Data and Decisions - A Simple Way to Find Relevant Music on Spotify

Time to read: 10 minutes

Introduction
Background
Methodology
Results
Discussion

Introduction

Listening to music is, like most of the people, one of my favourite things to do. It makes one to experience all kinds of emotions and commuting in Istanbul a much less dreadful journey. But another aspect of the music which I equally love is discovering it and today I will talk about my Python script that help me achieve this.
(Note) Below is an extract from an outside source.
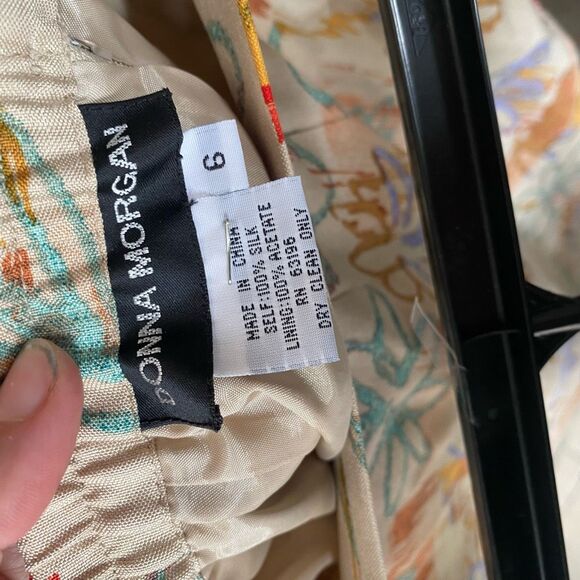 Donna Morgan Silk Multicolor Floral Pencil Lined Skirt, Size 6 - Picture 6 of 10
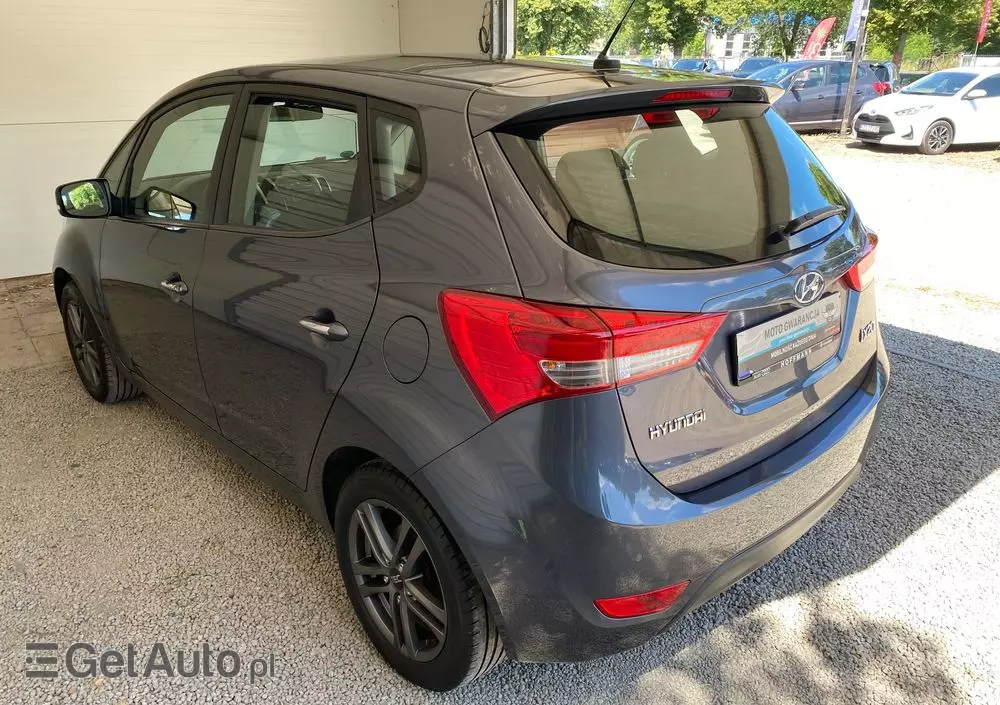 HYUNDAI Ix20 1.6 Premium blue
The way I will discover new music is through playlists. Using Spotify API, the script will search playlists with given keyword and sort them by the most song overlaps with songs that I have already liked. Even though it does not feature any advanced algorithms; it is simple, does not require any personal data of others and the results were effective for me.

Background

A recommender system, or a recommendation system (sometimes replacing ‘system’ with a synonym such as platform or engine), is a subclass of information filtering system that provide suggestions for items that are most pertinent to a particular user. Typically, the suggestions refer to various decision-making processes, such as what product to purchase, what music to listen to, or what online news to read. Recommender systems are particularly useful when an individual needs to choose an item from a potentially overwhelming number of items that a service may offer. ¹

So basically, a recommender system uses past behaviour or tastes of people (collaborative filtering) or inherent features of things (content-based) to recommend new items for users. To give content-based recommendations, firstly, items in which we are interested recommending should have preselected and/or user generated properties. Secondly, users must rate enough of these items so that we can try to understand what properties each user favors. Music Genome Project of Pandora² can be given as an example for this method. Content-based approaches has the advantage of relevancy. Provided the classification of items is done properly, content-based recommendations will almost always be relevant. However, the recommendations are also likely to be “too similar” to what the user has already liked; in other words less serendipitous and they omit the context³. Let’s say there are two books about the same subject and while one of them is supportive of the topic, other one is against it. Content-based recommendation has no method to differentiate this aspect of items.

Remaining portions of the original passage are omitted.